Caption-style text data
______________________________

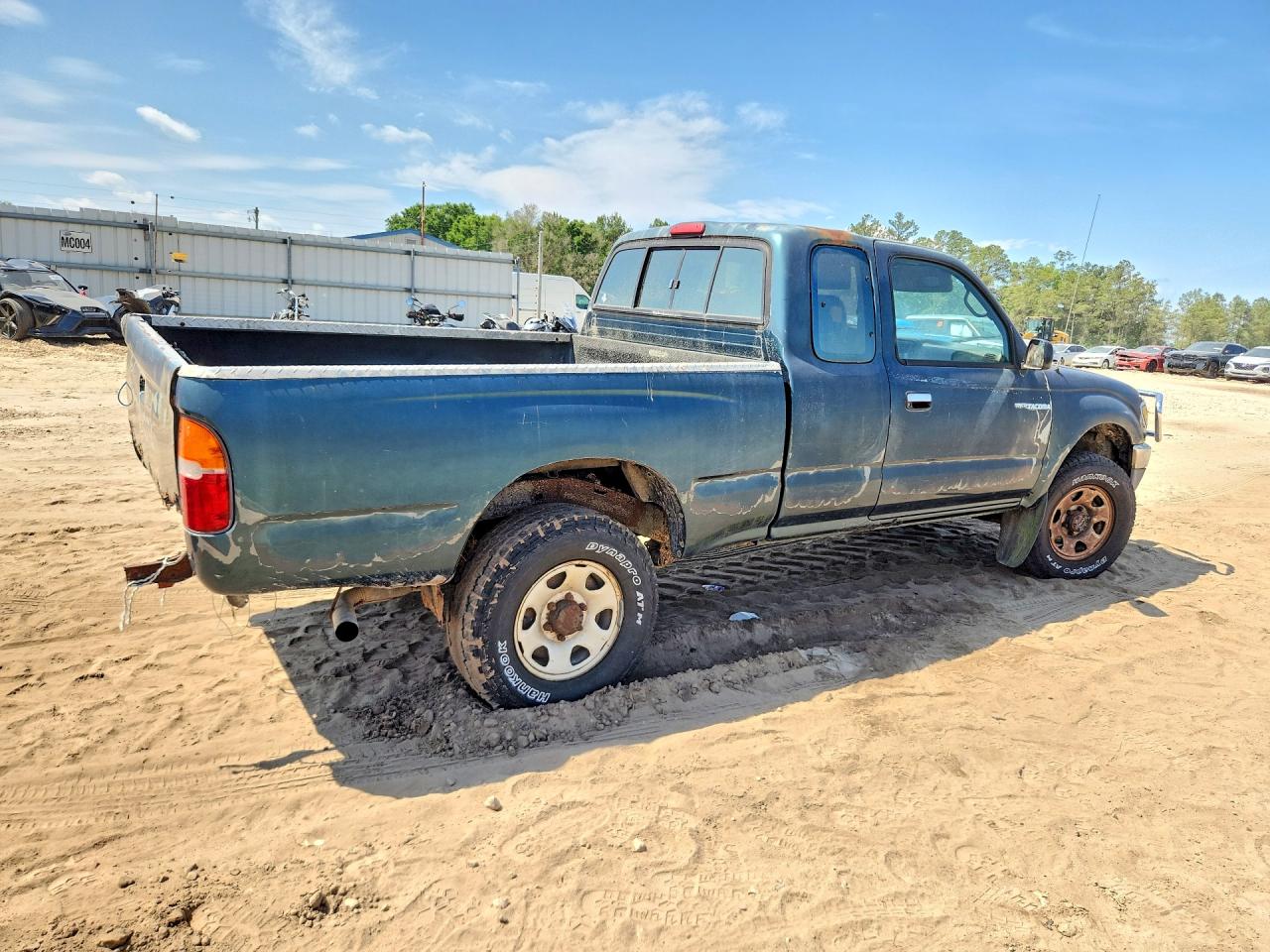 Toyota Tacoma Xtracab
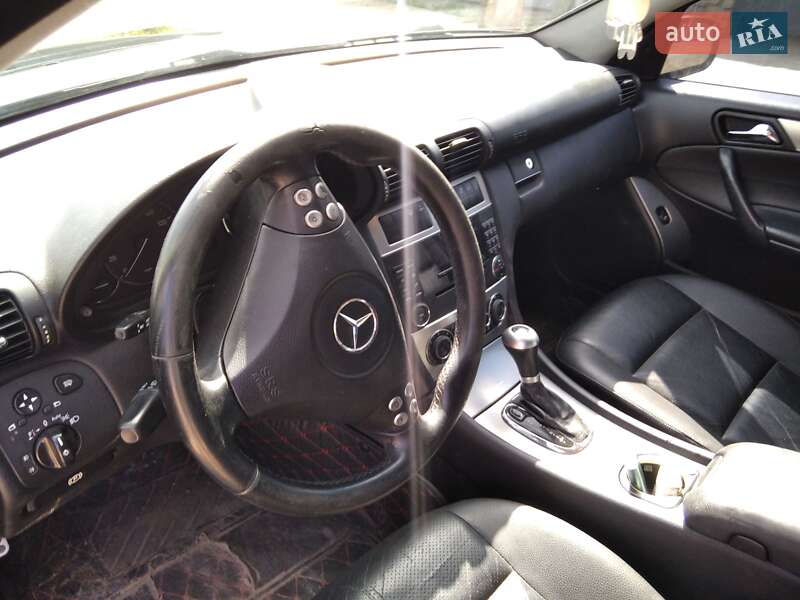 Седан Mercedes-Benz C-Class 2005 в Бориславі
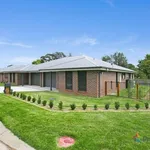 Rent 3 bedroom apartment in  Armidale NSW 2350                        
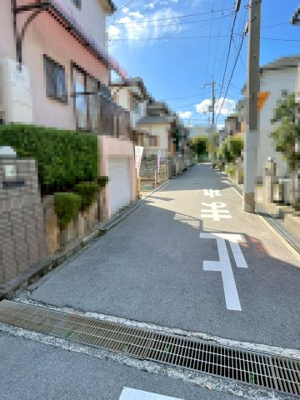 【外観】 | パークタウン豊中市柴原町２丁目　新築戸建て | 【現地写真】
陽当たり良好♪
今なら、間取りプランの変更も可能です！！
土地間口約8.5ｍなので、駐車3台可能！
前面道路広々4.6ｍ以上！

______________________________

**ABOUT THIS TASK**
Each record above, in full: return it exactly, pictures excluded.

**YOUR RESPONSE**
 Toyota Tacoma Xtracab
 Седан Mercedes-Benz C-Class 2005 в Бориславі
 Rent 3 bedroom apartment in  Armidale NSW 2350                        
 【外観】 | パークタウン豊中市柴原町２丁目　新築戸建て | 【現地写真】
陽当たり良好♪
今なら、間取りプランの変更も可能です！！
土地間口約8.5ｍなので、駐車3台可能！
前面道路広々4.6ｍ以上！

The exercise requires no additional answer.